## What you have to do
Make a verbatim copy of all the records. Skip every image.

## Data for analysis
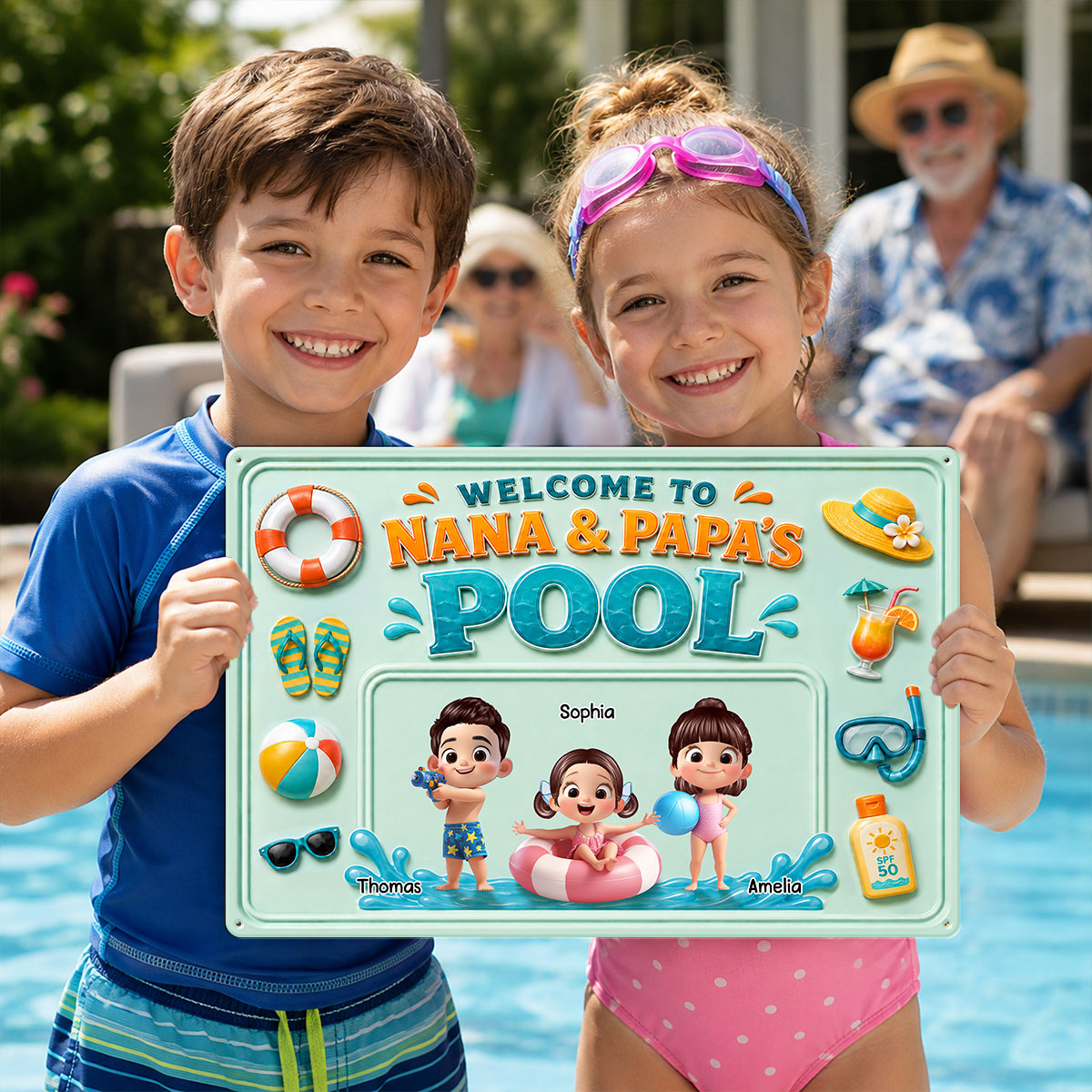 Nana & Papa's Poolside With Kids - Personalized Metal Sign - Gift For Kids, Grandparents, Summer Decorations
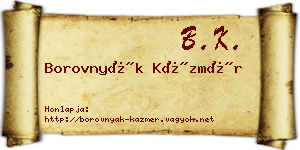 Borovnyák Kázmér névjegykártya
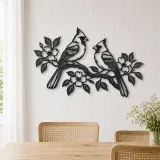Two Birds on Branch Metal Wall Art | Wildlife Silhouette Decor - lifestyle view 4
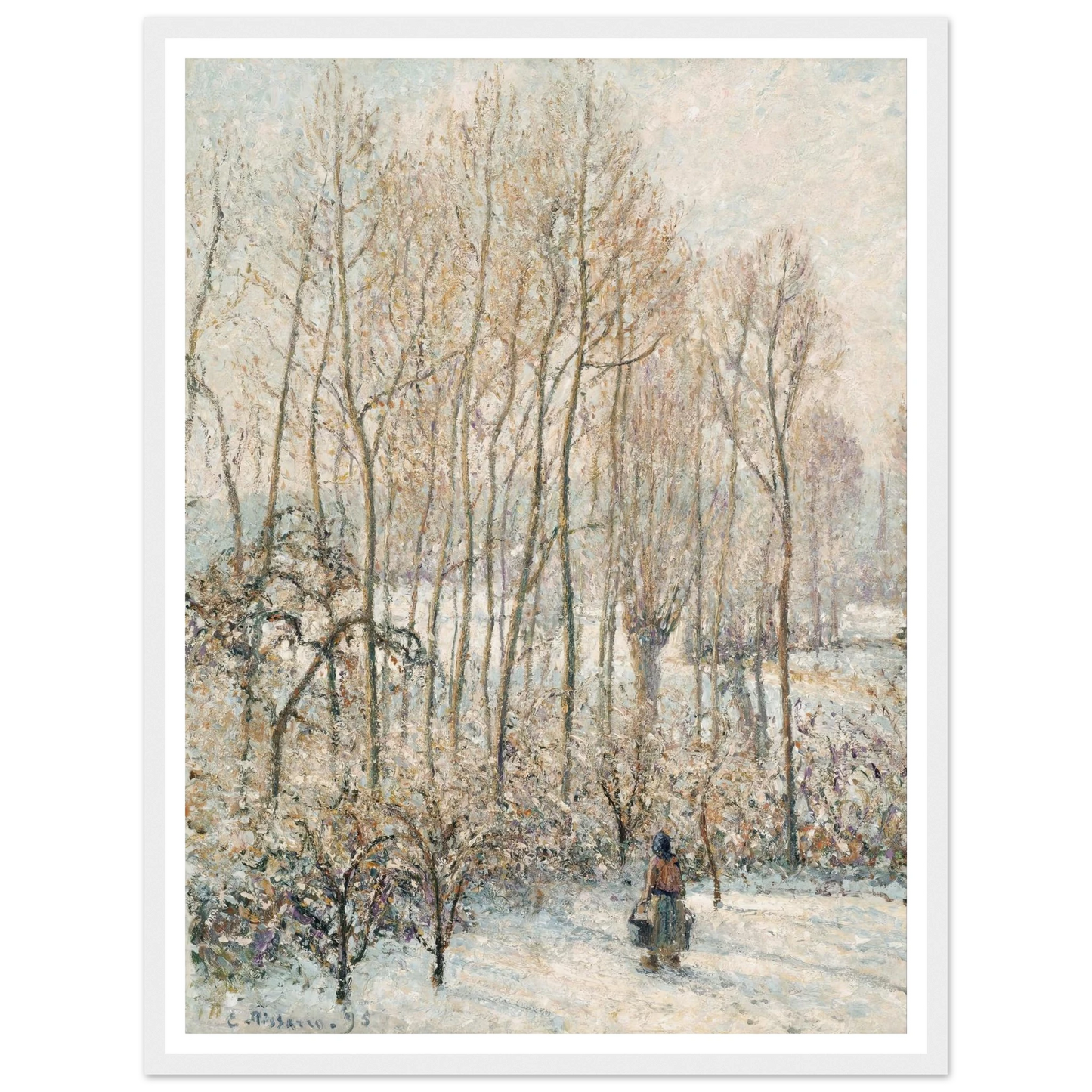 Morning Sunlight on the Snow, Eragny-sur-Epte (1895) Art Print | Camille Pissarro - Framed Poster - 30x40 cm / 12x16″ - Black frame
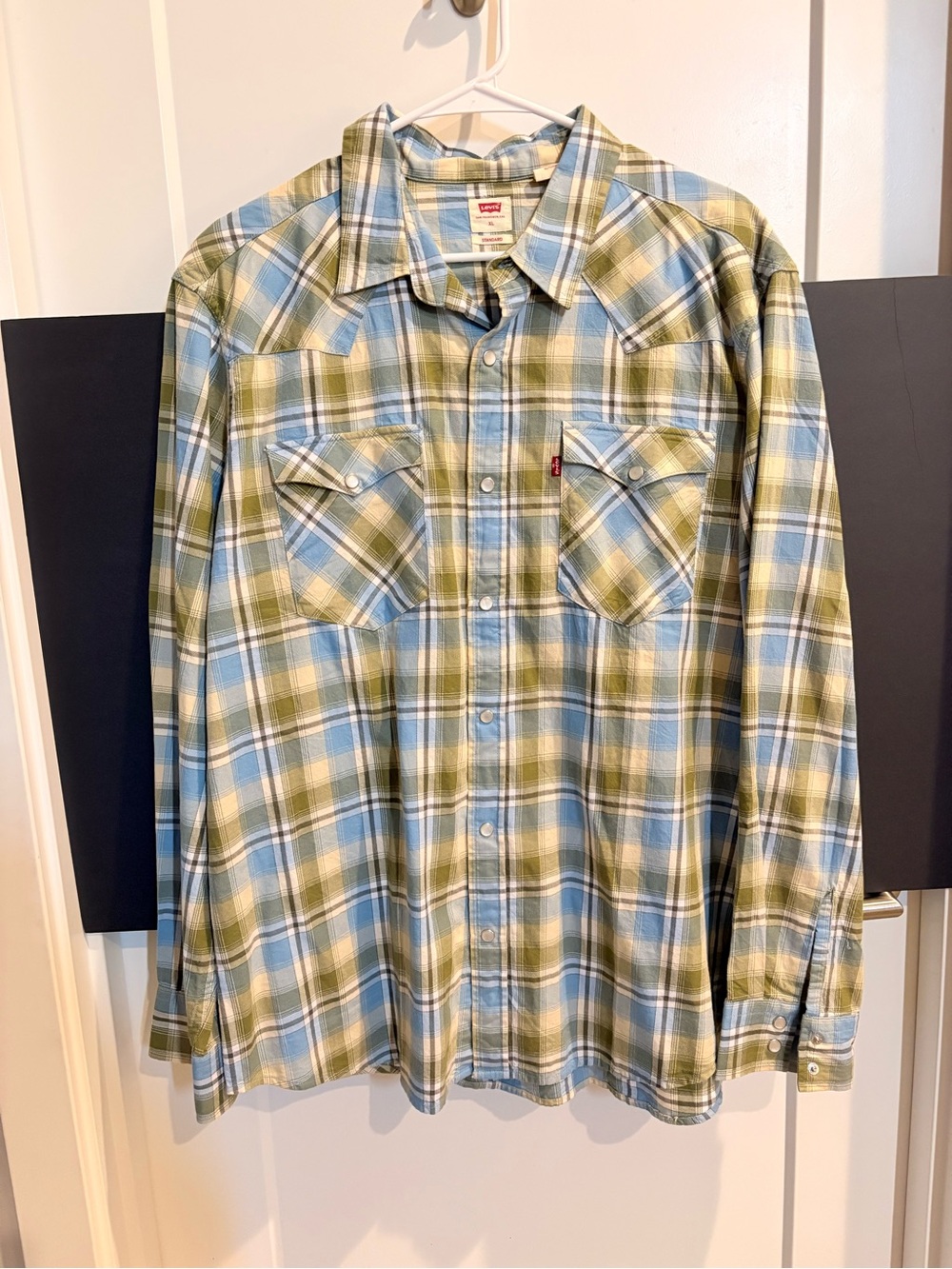 Men’s Levi's Green & Light Blue Plaid Kids Button-Down Shirt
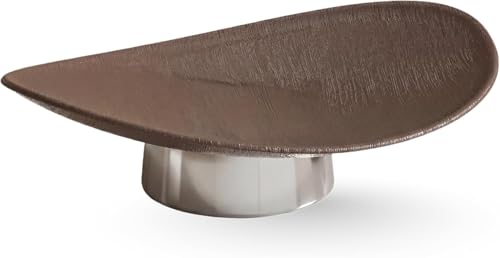 BYHIP 12" Modern Decorative Fruit Bowl | Egg-Shaped Pedestal Centerpiece Bowl for Kitchen Counter, Dining Table & Entryway, Abstract Resin Catchall Bowl, Chic Home Decor Gift (Brown)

## The completed task
 Nana & Papa's Poolside With Kids - Personalized Metal Sign - Gift For Kids, Grandparents, Summer Decorations
 Borovnyák Kázmér névjegykártya
Two Birds on Branch Metal Wall Art | Wildlife Silhouette Decor - lifestyle view 4
 Morning Sunlight on the Snow, Eragny-sur-Epte (1895) Art Print | Camille Pissarro - Framed Poster - 30x40 cm / 12x16″ - Black frame
 Men’s Levi's Green & Light Blue Plaid Kids Button-Down Shirt
 BYHIP 12" Modern Decorative Fruit Bowl | Egg-Shaped Pedestal Centerpiece Bowl for Kitchen Counter, Dining Table & Entryway, Abstract Resin Catchall Bowl, Chic Home Decor Gift (Brown)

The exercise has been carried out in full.